Tasked with controlling inflation, keeping the economy growing and ensuring financial stability, plus the pressure of pleasing its political masters, it is often of no surprise that the RBI makes growth a priority.
Even though rates were raised 13 times between 2009 and 2011, economists often felt the RBI was behind the curve and allowed prices to stay too high for too long.
Likewise, while the RBI raised rates to defend the rupee during periods of turmoil in 1998, 2000, 2008 and 2011, the policy tightening was often quickly reversed within two to six months, analysts said.
This time, the central bank is in more of a bind than normal. With currency reserves falling rapidly - at $280 billion they cover just 7 months of imports - and external debt worth $172 billion, a fast-slipping currency could eventually risk financial stability.
Yet, raising its 7.25 percent overnight repo rate would be politically difficult as the ruling coalition has to call a general election by May.
"Policymakers are trying to achieve a fine balance by squeezing liquidity at the short-end even as they try to cap yields at the long-end," JPMorgan Chase said in a client note. "Yet, some transmission to long rates, funding costs and investment decisions is inevitable."
The RBI's decision to raise its short-term emergency funding rate by 300 basis points has already driven 10-year government bond yields up 100 basis points and short-term corporate debt up 200 basis points across the board.
It is inevitable that growth and therefore foreign inflows into the equity market will be adversely affected, JPMorgan said.
While the RBI has not explicitly said so, its actions suggest 60-per-dollar is a line in the sand for the exchange rate. Analysts think that is a mistake.

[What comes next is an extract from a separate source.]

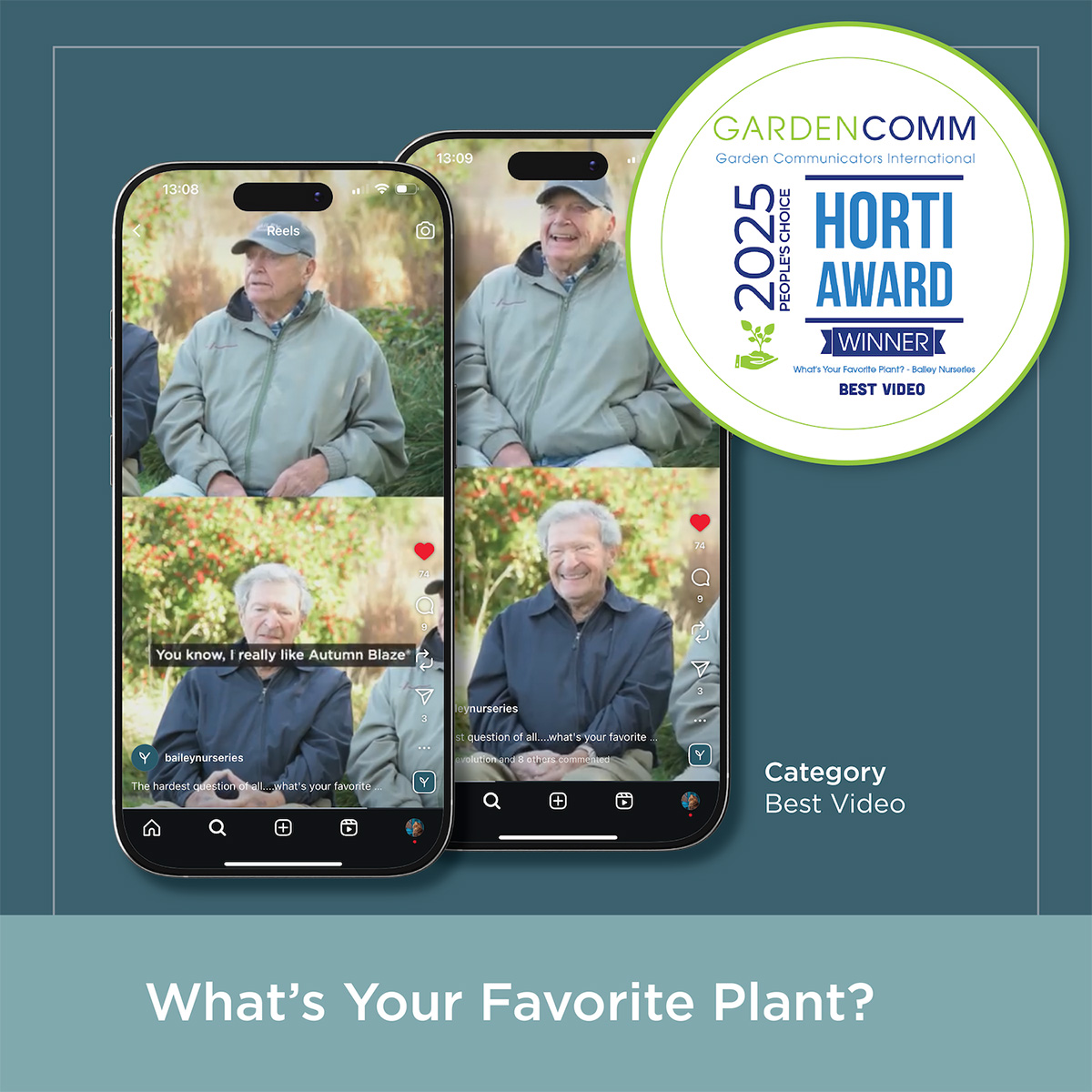 Mobile phones displaying shot of “What’s Your Favorite Plant” video which earned a 2025 People’s Choice Horti Award for Best Video.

An inability to defend that would hurt market confidence, yet a dogged battle for the level could mean the central bank compromises stability in other parts of the economy, particularly by increasing volatility in money markets.
"Stability in the rupee is what will constitute victory," said Sanjay Mathur, RBS economist based in Singapore. "That may even take a few months and the RBI may be ready for that haul."

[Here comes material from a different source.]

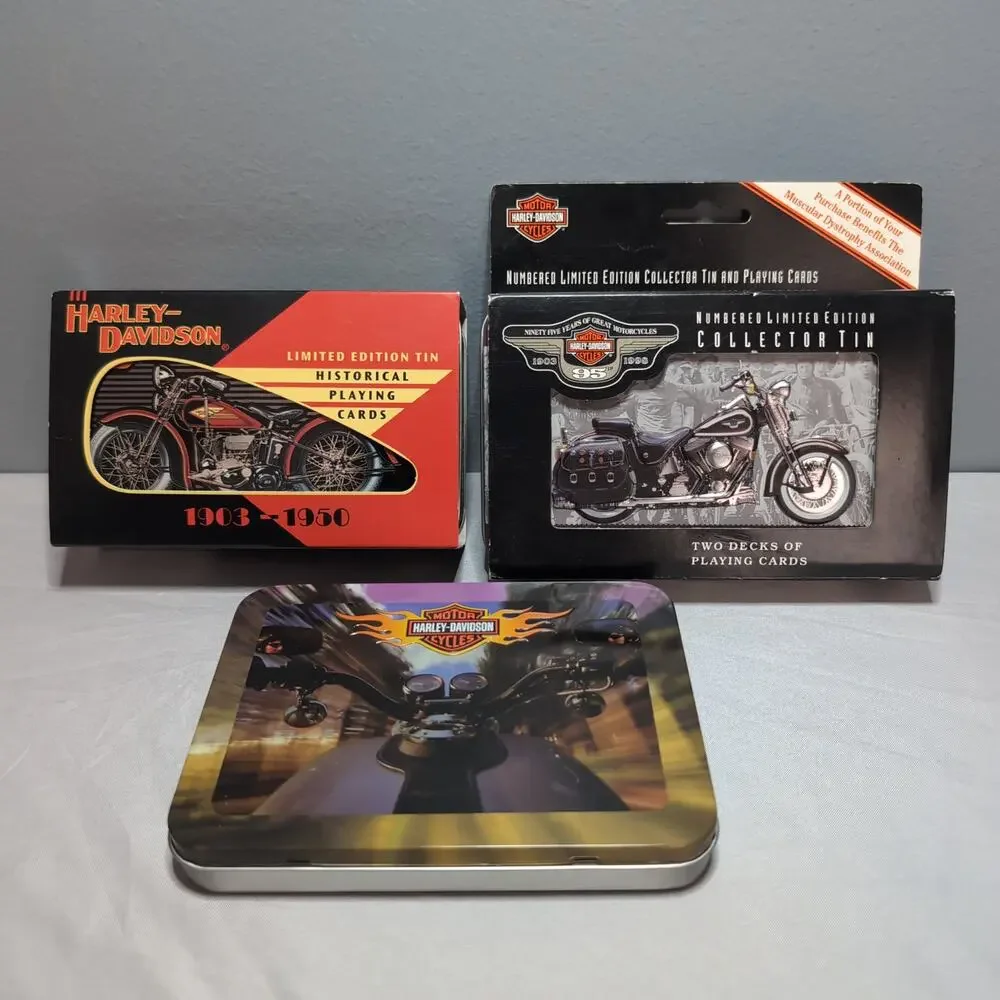 Lot of 3 Collectable Vintage Harley Davidson Playing Cards and Tins New Sealed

Analysts expect stability to mean less volatility in the currency rather than a turnaround and the indications are that the central bank has not won the battle yet. Market expectations of future one-month rupee volatility are still 4 percentage points above the 7 percent levels of May.
For now, economists expect the central bank to do more of the same: discreet policy tightening through its web of open market operations.
They expect other non-monetary administrative options, such as forcing exporters to bring earnings home quickly or forcing oil importers to stagger their bulky dollar payments, if the pressure is sustained. The government is, meanwhile, examining ways to raise money from non-resident Indians.
"To reverse these measures, the RBI might need to conclude that these steps were ineffective or the costs entailed were too high or the external environment has to improve markedly," said Radhika Rao, economist at DBS in Singapore.
"We don't believe either of these will pan out in the short-term."